> [What the task requires]
Only an exact repetition of the lines from the one holding "20455-A20E-76" to the end of the data is wanted, with pictures left out.

> [Recorded information]
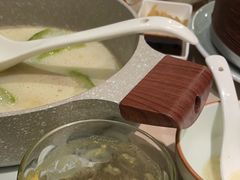 -味妙顺德厨房(绿地缤纷城店)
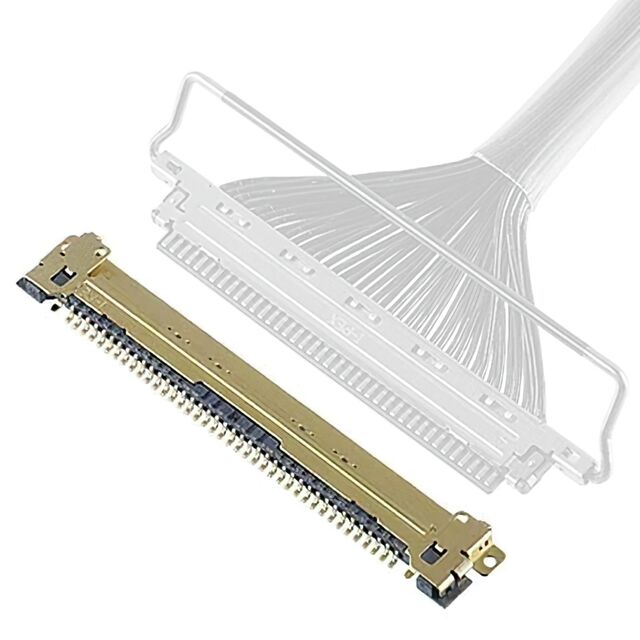 20455-A20E-76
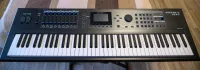 KURZWEIL PC4-7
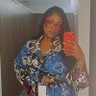 Argue with your mom hoe's profile picture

> [Response to this task]
 20455-A20E-76
 KURZWEIL PC4-7
 Argue with your mom hoe's profile picture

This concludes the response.